The order was passed by the high court bench of justice Vinod S Bhardwaj, acting on the plea from the school, challenging UT’s order.
The court has stayed UT’s order with the condition that the school will admit students from the economic weaker section (EWS) category as mandated under the Right of Children to Free and Compulsory Education (RTE) Act.
Vivek High Scool was the second institute in the city to be derecognised by the administration last year. Earlier, in May, it had derecognised St Kabir Public School, Sector 26, on similar grounds. St Kabir had also got relief from court last month on similar conditions.
Run by the Bhagwant Singh Charitable Trust and started in 1984, Vivek High School got a minority tag on February 4, 2016, nearly four years after the 2012 Supreme Court judgment, wherein it was held that minority institutes are not bound to reserve seats for EWS category students under the RTE Act.
It is among a dozen odd schools that got minority tag after the SC order.

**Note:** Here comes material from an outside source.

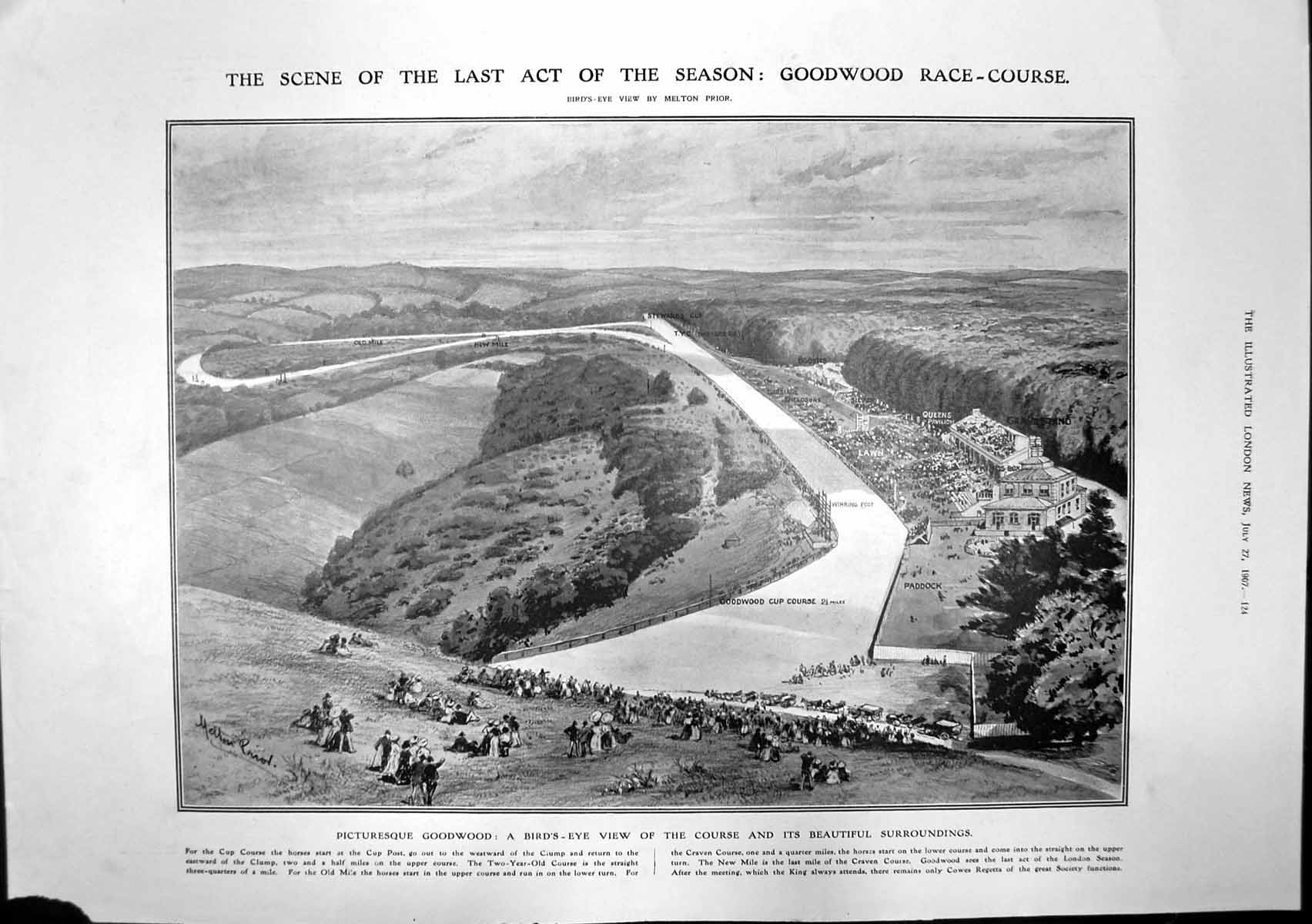 Old Antique Print Goodwood Race Course Lady Stairs House Edinburgh 1907 20th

In 2017, a single-judge bench had declared that it was not a minority institute. However, an appeal against this order is pending before the division bench of the high court.
The school’s chairperson HS Mamik is also the president of a private schools’ body in Chandigarh, called “Independent Schools’ Association”.

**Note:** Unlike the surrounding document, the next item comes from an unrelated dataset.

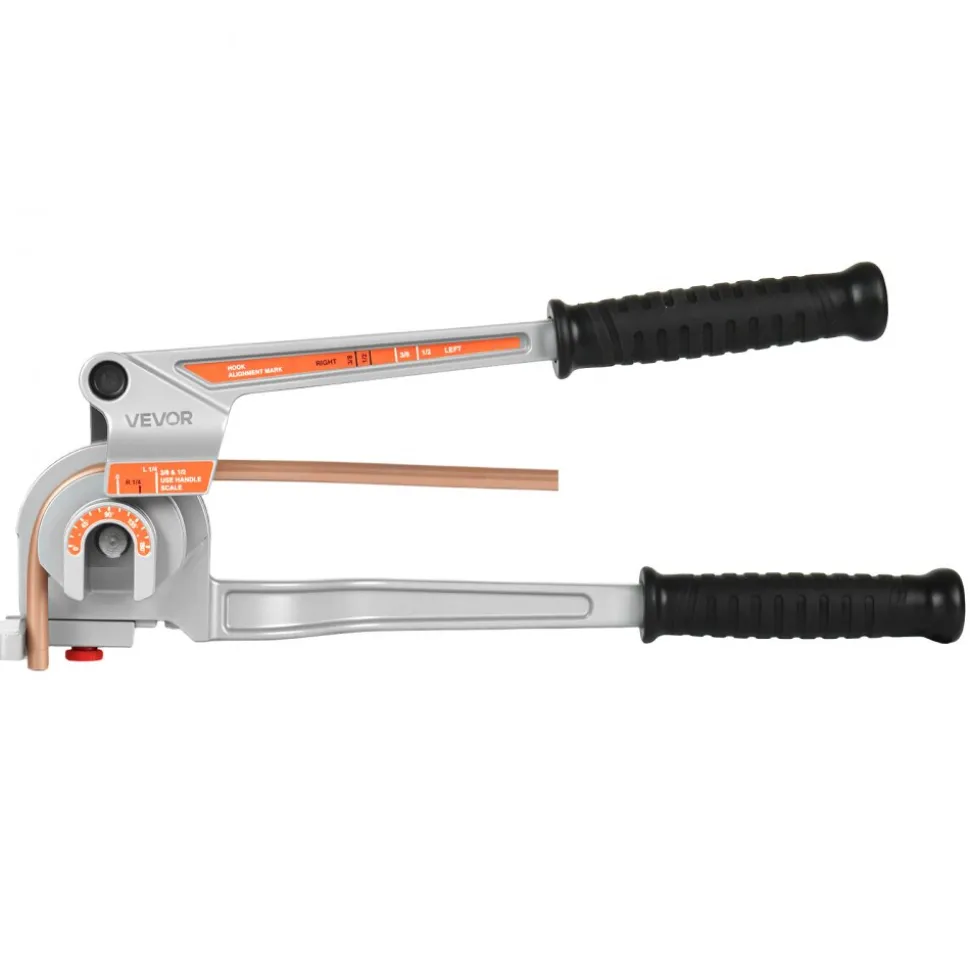 VEVOR Pipe Tube Bender, 1/4", 3/8", 1/2" (12.7mm) OD, 3 in 1 Manual Level Tube Bender, 180° Copper Aluminum Pipes Bending Tool for Automotive Repair, HVAC Air Conditioning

The school was issued a show-cause notice on December 16 for not giving 25% reservation to EWS and other disadvantaged groups under the RTE Act. On December 27, UT derecognised the school with effect from April 1, 2024.
The school in its plea before the court sought quashing of the December 27 order, claiming that it passed in an illegal and arbitrary manner without any jurisdiction.

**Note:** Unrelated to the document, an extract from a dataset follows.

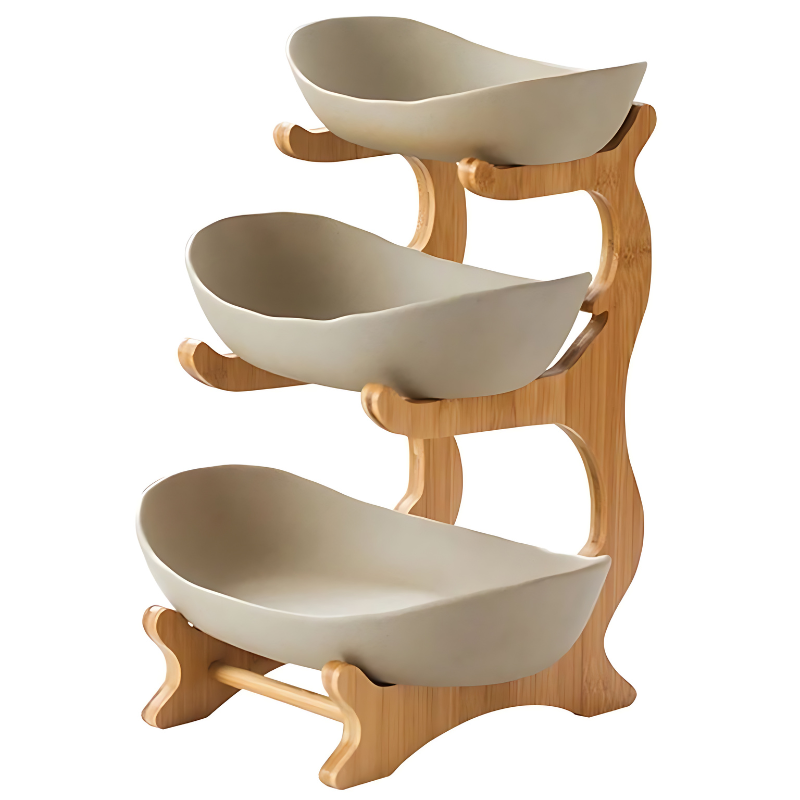 Modern Fruit Bowl Three Tier Kitchen Organizer For Elegant Display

Besides other arguments, it also claimed that the school was not obligated to admit students from EWS category as claimed by the administration citing rules under the land allotment policy for educational institutions in UT.
While the city has 22 minority schools, only two schools have got a no-objection certificate from the UT administration. As many as 13 of these schools had opted for the minority status after 2012. The city has a total of 82 private schools. There has been a spurt for minority status after the 2012 SC order.
Meanwhile, Vivek was the only school that hadn’t given consent, but as EWS admissions opened from Wednesday, the school was also brought on board. For the first time, since the implementation of RTE, all non-minority schools will participate in EWS admissions this year.
While help desks are in place at all government schools and non-minority schools for filling up the forms, around 30 applicants filled the form on the first day. A total of 815 EWS seats are up for grabs in non-minority schools for the 2024-25 session.